#### Task instructions
Repeat word for word the lines from the one containing "Comida, bebidas y" to the end of the material below, and leave all pictures out.

#### Source records
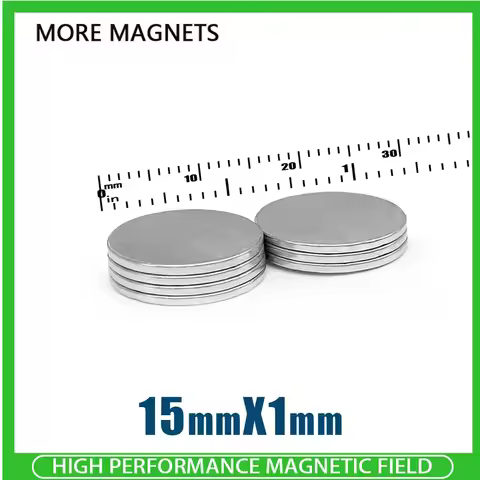15x1mm Small Circular Magnets 15x1mm For Home Refrigerators, Offices DIY 15x1mm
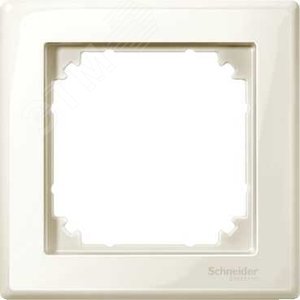 Рамка 1 пост бежевая 6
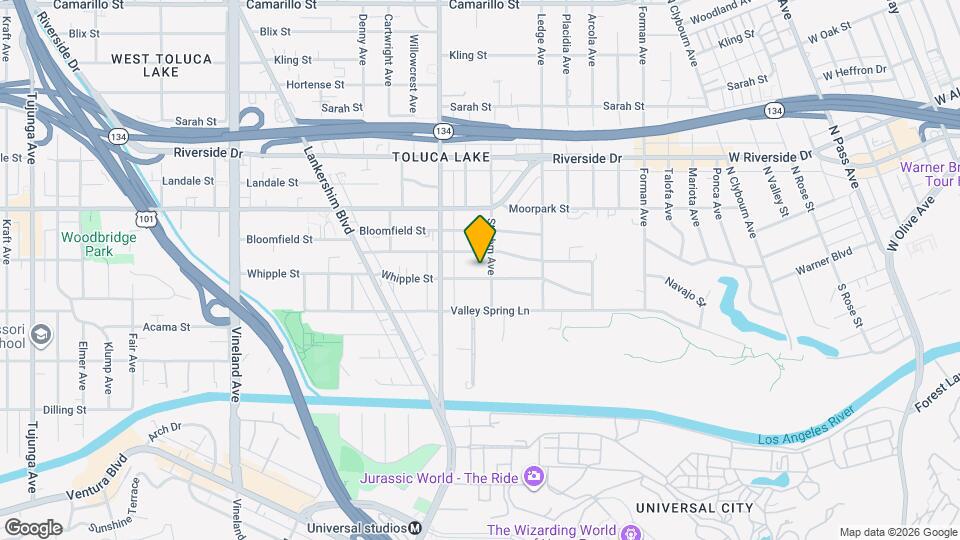 10515 Whipple St Map and Location Details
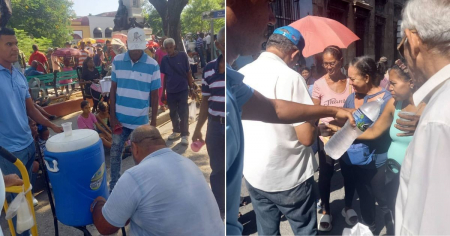 Comida, bebidas y sillas: la «solución» a las esperas de jubilados por sus pensiones en Santiago de Cuba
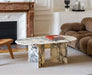 Luxury Calacatta Viola Natural Marble Round Stone Coffee Table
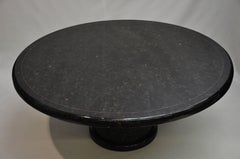 1980s Maitland-Smith Penshell Round Pedestal Dining Table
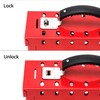 QWORK Portable Lockout Tagout Box, Group Safety Lock Box with
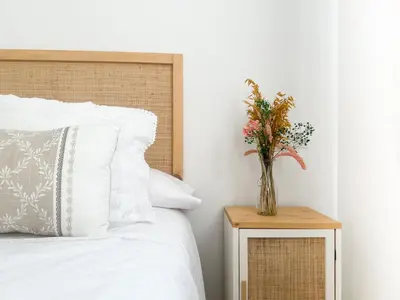 Cama o camas de una habitación en Apartamentos Turísticos Con Alma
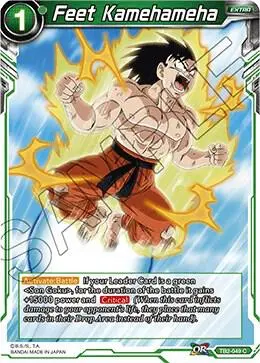 Feet Kamehameha card art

#### Response below
 Comida, bebidas y sillas: la «solución» a las esperas de jubilados por sus pensiones en Santiago de Cuba
 Luxury Calacatta Viola Natural Marble Round Stone Coffee Table
 1980s Maitland-Smith Penshell Round Pedestal Dining Table
 QWORK Portable Lockout Tagout Box, Group Safety Lock Box with
 Cama o camas de una habitación en Apartamentos Turísticos Con Alma
 Feet Kamehameha card art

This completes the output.